Work task:
Output, without any change, the listing below from its opening line up to and including the line with "Hibezos Chiavetta USB".

Data provided:
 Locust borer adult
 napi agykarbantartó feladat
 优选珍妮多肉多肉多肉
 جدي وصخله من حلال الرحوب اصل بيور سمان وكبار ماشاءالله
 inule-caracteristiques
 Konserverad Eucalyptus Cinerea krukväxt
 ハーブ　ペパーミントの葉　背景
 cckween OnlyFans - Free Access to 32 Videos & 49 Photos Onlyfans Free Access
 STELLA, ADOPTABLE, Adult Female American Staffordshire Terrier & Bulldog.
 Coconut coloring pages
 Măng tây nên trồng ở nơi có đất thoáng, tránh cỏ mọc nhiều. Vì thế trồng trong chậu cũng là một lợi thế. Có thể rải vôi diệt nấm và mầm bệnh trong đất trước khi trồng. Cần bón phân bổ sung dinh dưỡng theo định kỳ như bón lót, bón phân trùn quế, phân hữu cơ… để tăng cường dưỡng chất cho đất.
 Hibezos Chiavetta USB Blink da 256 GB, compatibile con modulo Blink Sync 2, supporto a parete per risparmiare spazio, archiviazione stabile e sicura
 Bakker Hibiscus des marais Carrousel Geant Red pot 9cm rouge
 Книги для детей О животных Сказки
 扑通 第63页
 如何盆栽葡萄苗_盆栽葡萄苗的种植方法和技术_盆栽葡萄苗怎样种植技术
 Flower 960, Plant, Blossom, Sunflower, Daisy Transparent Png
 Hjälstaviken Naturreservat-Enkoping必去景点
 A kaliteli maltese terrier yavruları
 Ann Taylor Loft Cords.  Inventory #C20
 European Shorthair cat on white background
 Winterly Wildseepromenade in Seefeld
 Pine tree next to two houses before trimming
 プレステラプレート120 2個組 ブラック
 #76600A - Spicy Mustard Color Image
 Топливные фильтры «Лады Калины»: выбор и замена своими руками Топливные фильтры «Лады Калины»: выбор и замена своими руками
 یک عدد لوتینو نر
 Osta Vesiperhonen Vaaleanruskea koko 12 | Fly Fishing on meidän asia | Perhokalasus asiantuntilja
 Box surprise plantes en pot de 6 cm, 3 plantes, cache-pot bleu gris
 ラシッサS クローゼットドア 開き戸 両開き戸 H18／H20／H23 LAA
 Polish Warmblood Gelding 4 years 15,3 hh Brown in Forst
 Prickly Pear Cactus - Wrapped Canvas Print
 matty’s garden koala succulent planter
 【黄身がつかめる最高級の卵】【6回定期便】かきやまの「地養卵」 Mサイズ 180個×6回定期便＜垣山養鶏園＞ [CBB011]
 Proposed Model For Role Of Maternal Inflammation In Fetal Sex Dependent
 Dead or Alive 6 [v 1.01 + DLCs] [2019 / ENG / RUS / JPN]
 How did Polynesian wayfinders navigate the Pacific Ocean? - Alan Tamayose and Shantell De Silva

Solution to the problem:
 Locust borer adult
 napi agykarbantartó feladat
 优选珍妮多肉多肉多肉
 جدي وصخله من حلال الرحوب اصل بيور سمان وكبار ماشاءالله
 inule-caracteristiques
 Konserverad Eucalyptus Cinerea krukväxt
 ハーブ　ペパーミントの葉　背景
 cckween OnlyFans - Free Access to 32 Videos & 49 Photos Onlyfans Free Access
 STELLA, ADOPTABLE, Adult Female American Staffordshire Terrier & Bulldog.
 Coconut coloring pages
 Măng tây nên trồng ở nơi có đất thoáng, tránh cỏ mọc nhiều. Vì thế trồng trong chậu cũng là một lợi thế. Có thể rải vôi diệt nấm và mầm bệnh trong đất trước khi trồng. Cần bón phân bổ sung dinh dưỡng theo định kỳ như bón lót, bón phân trùn quế, phân hữu cơ… để tăng cường dưỡng chất cho đất.
 Hibezos Chiavetta USB Blink da 256 GB, compatibile con modulo Blink Sync 2, supporto a parete per risparmiare spazio, archiviazione stabile e sicura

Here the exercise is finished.